From the pastries list I had kebbeh, which were deep-fried balls of minced meat, onions and pine nuts. They tasted thick and dry and not especially flavourful. My biggest dish was the Mixed Grill Abd el Wahab: a great long tray groaning with slightly rubbery shrimp, lamb cutlets and taouk (chicken).

The Mixed Grill 
Abd el Wahab, with shrimp, lamb cutlets and chicken Credit: Jasper Fry

Now, it may sound as if I’m saying that the food at Abd el Wahab wasn’t very good. But here’s another thing about Lebanese food. In a way, there’s little point judging each dish individually, because the best way to eat them is in combination.
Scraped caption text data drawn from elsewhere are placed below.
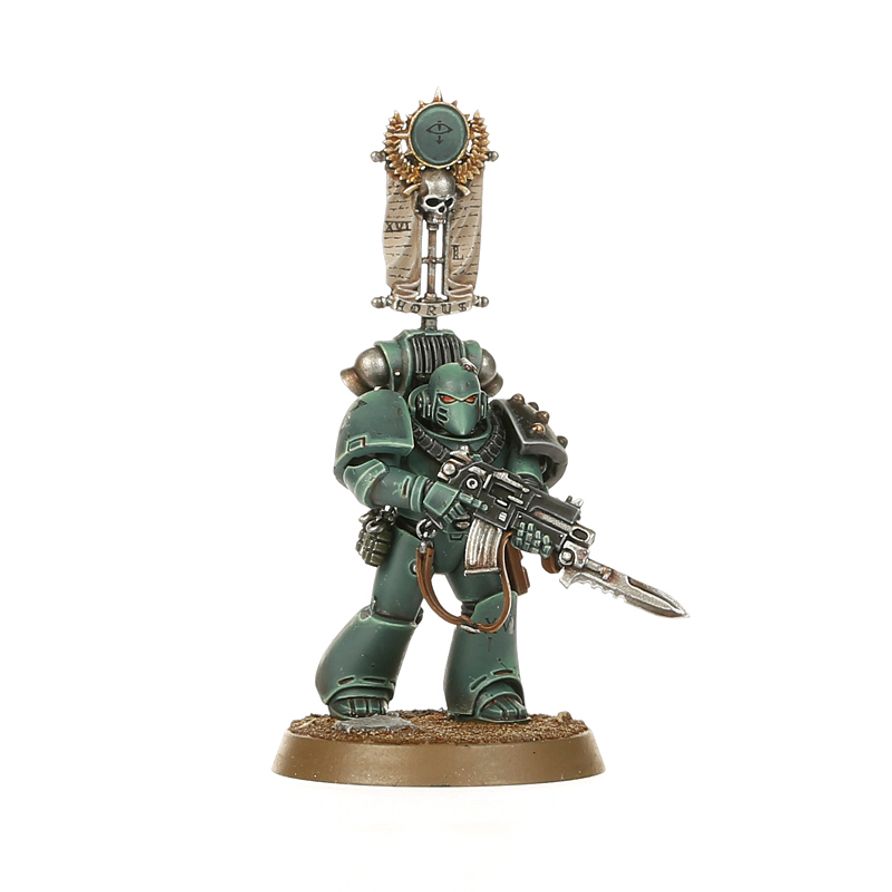 MKVI Tactical Squad - Legion Tactical Sergeant Sons of Horus zielony pancerz MKVI czarny pióropusz miecz mocy uniesiony w górę pistolet plazmowy i napis XVI na nodze Horus Heresy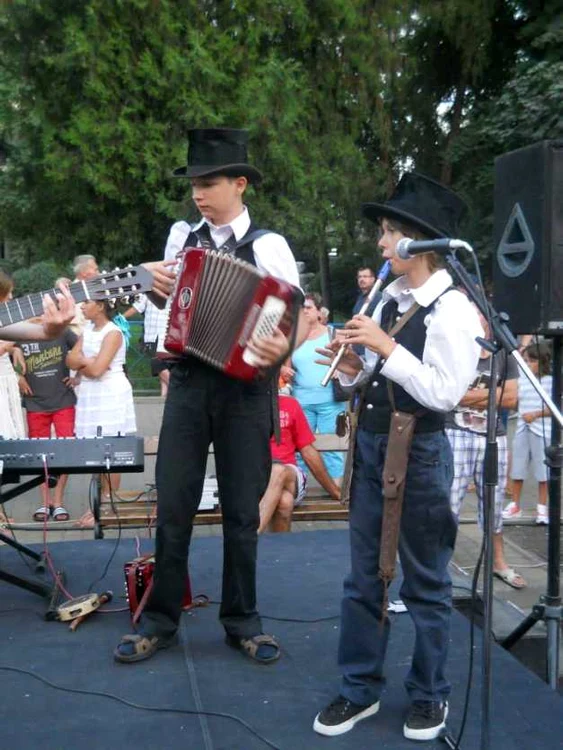 Trupa Peregrinii din Timişoara Foto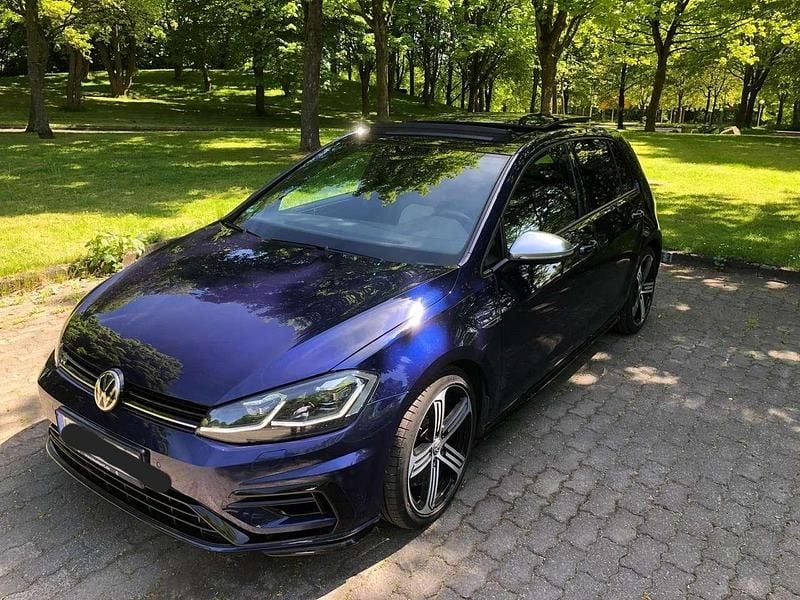 Blau Gebraucht 2017 VW Golf VII R Limousine | 26.900 € (Etwas zu teuer) - Bild 1/4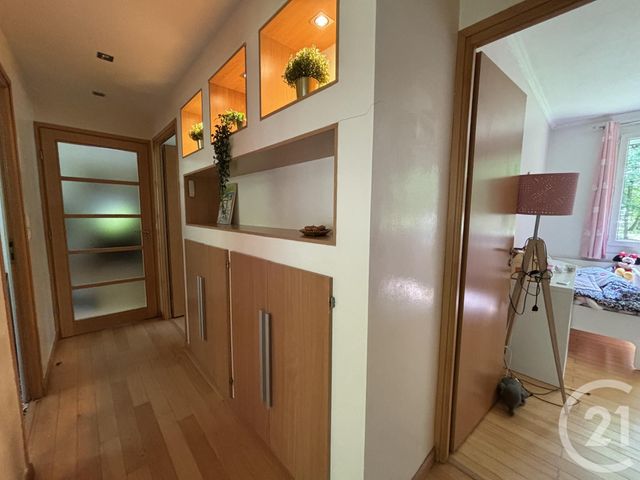 Appartement F4 à louer - 4 pièces - 91.47 m2 - LA CELLE ST CLOUD - 78 - ILE-DE-FRANCE - Century 21 M.B Immo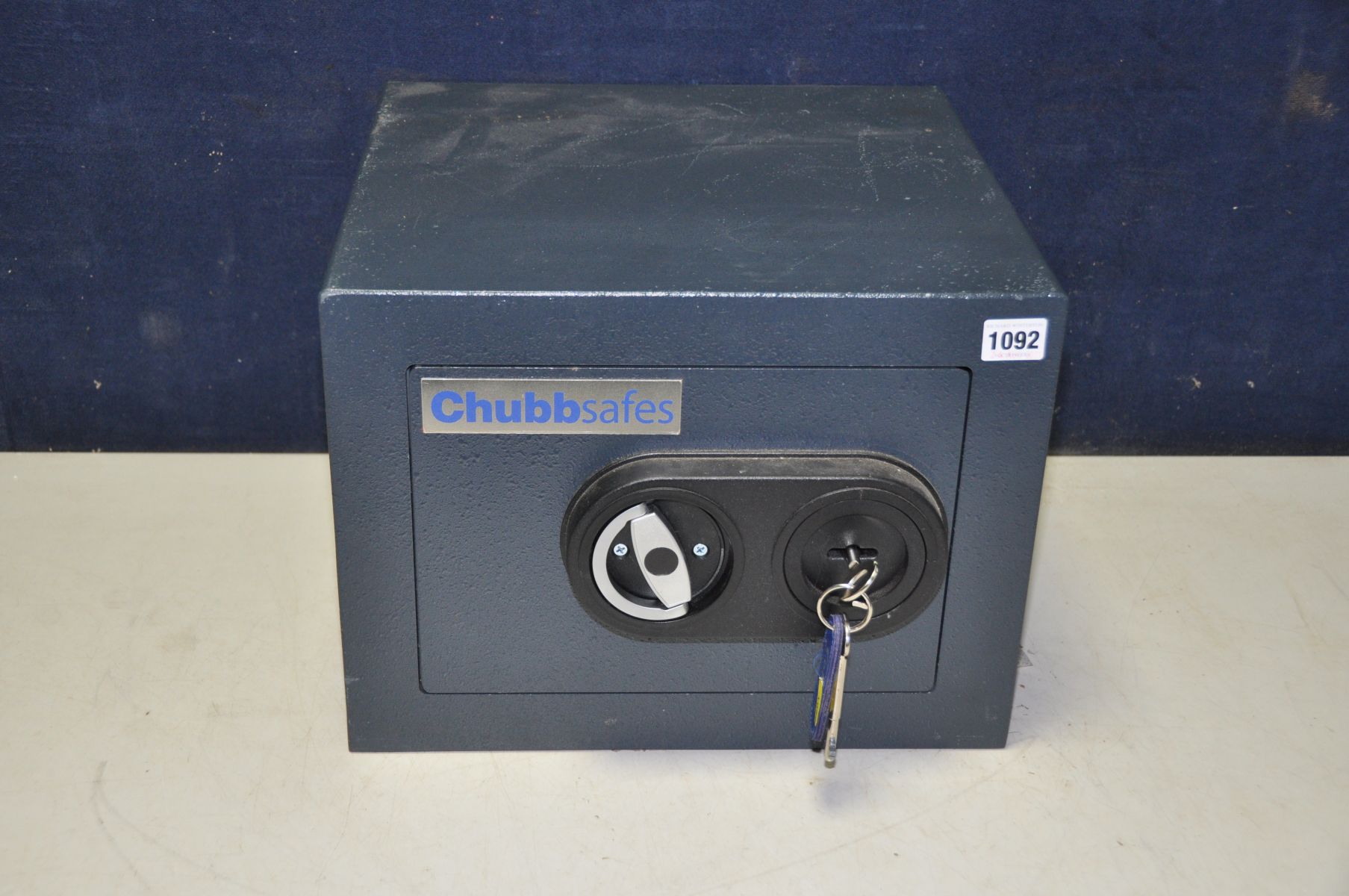 A CHUBB SAFES ZETA 1 PERSONAL SAFE, width 37cm, depth 35cm, height 28cm (two keys)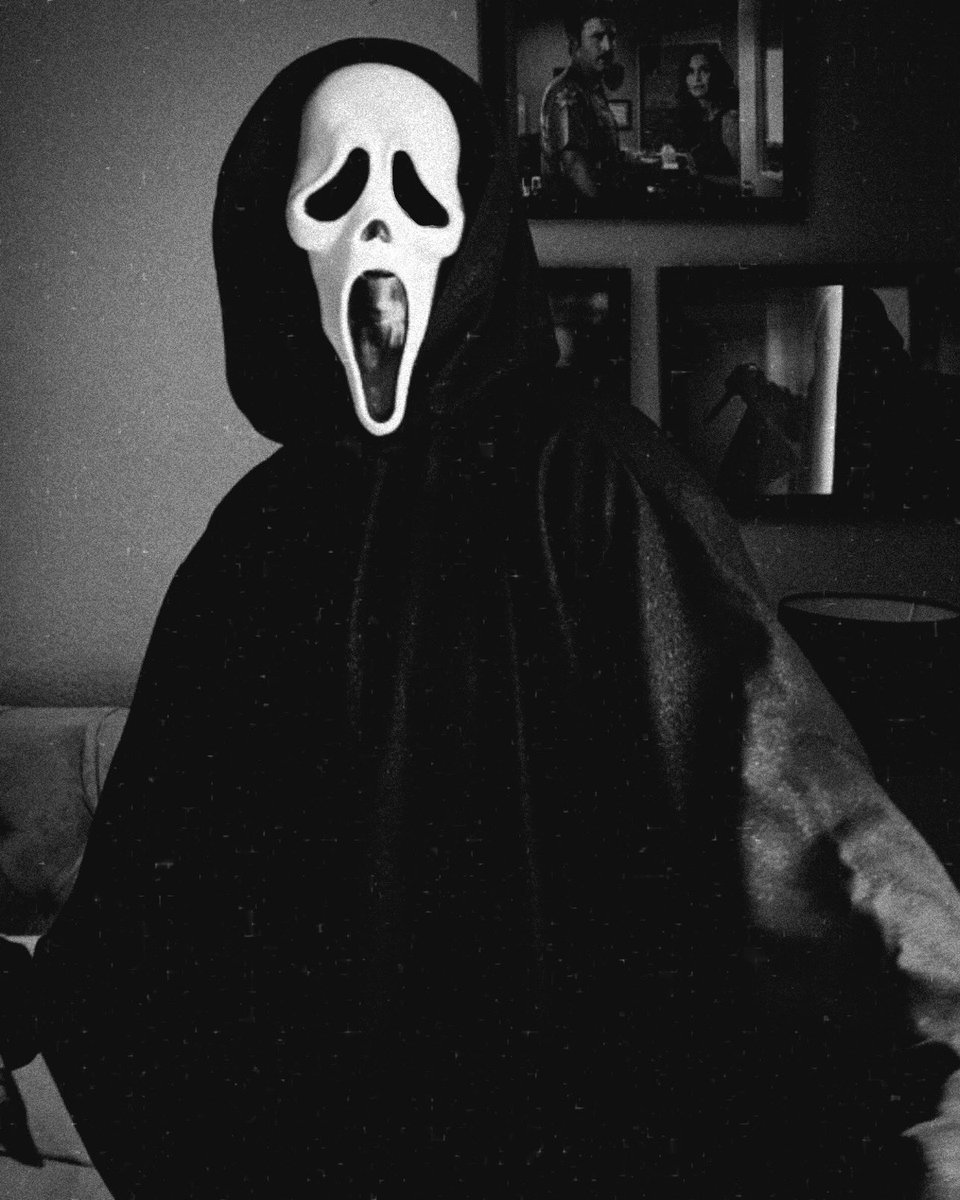 ScreamGhost2's tweet image. What’s your favourite scary movie? 🎬
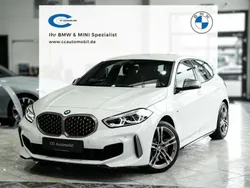 Alpinweiss iii Gebraucht 2024 BMW M135 Performance Kleinwagen | 36.669 € (Superpreis)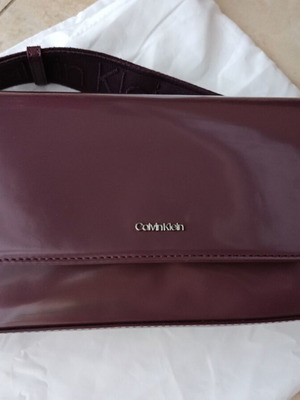 Calvin Klein crossbody bag like new, purple eggplant color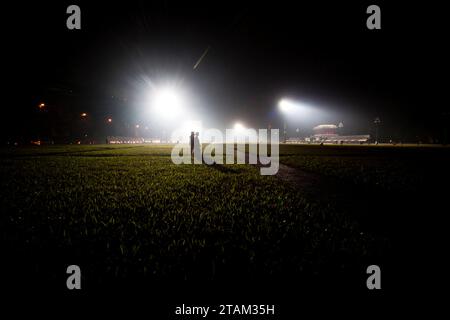 Les Vietnamiens traînent le soir au Mausolée Ho Chi Minh à Hanoi, Vietnam, Asie Banque D'Images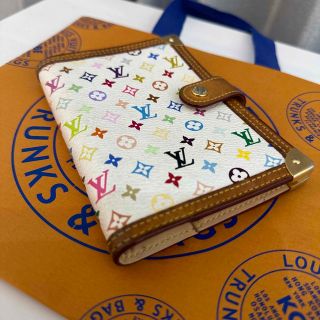 ルイヴィトン(LOUIS VUITTON)の限定紙袋付き　LV  LOUIS VUITTON マルチカラー手帳(その他)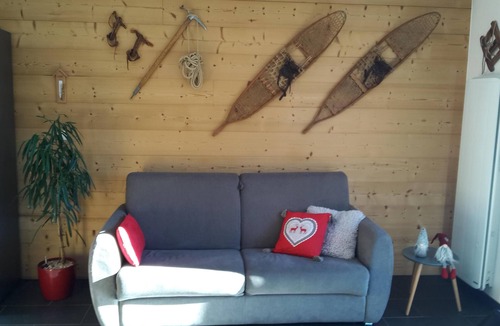 Font-Romeu-Odeillo-Via Apartment | Spacious gîte Authentic 25m² south-facing terrace Facing the shuttle bus stop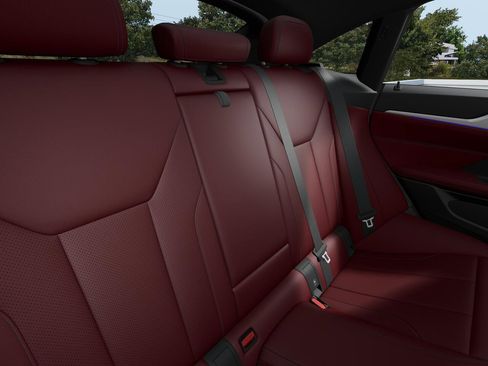 New 2025 BMW i4 eDrive40 image 10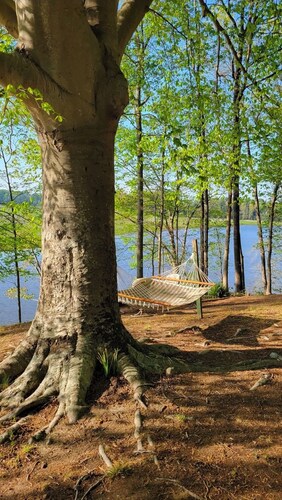 Quaint family cottage along Piscataway Creek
Open out a pitta bread, smear the interior liberally with hummus, then stuff it with as many of the different meats and vegetables as possible.

I did this at Abd el Wahab, and it tasted glorious. So rich and full and varied and satisfying. The food worked like the Northern Irish football team: individually, its components seemed mediocre; yet together, they were difficult 
to beat. It’s the hummus that does it: bringing all these different flavours together, and uniting them, and bringing out their best.

After all that, I couldn’t possibly have squeezed down a pudding. Fortunately I’d tried three of the puddings on my first visit, and it turned out I’d actually made some intelligible notes about them. The Lebanese baklava was good: five little parcels of sweetness that tasted like crunchy honey sandwiches. One friend had the ashta, which he said tasted like cottage cheese covered in sliced banana. My other friend had the tart halawe, which resembled chocolate concrete.

We enjoyed ourselves, though, because, again, Lebanese food is social. And not just because it involves sharing. It’s social because it’s unobtrusive. The food doesn’t demand your concentration, or your awe; it’s not swanky, show-off experimental cuisine, to be consumed in a reverential silence, broken only by murmurs of high-minded appreciation, as if, instead of eating, you were pondering a Mondrian.

Instead, it’s simple, modest, low-key; brought out at speed, and then sitting there throughout while you all dip periodically into it, almost without thinking, because your attention is entirely on your friends, and your conversation. As I said at the start: food for groups.

But not, on the whole, food for a lone undercover restaurant columnist, trying not to look conspicuous as he picks his way feebly through the mountains of meat and bread.

If you fancy trying Abd el Wahab, don’t go alone. Unless you’re bringing a van for your leftovers.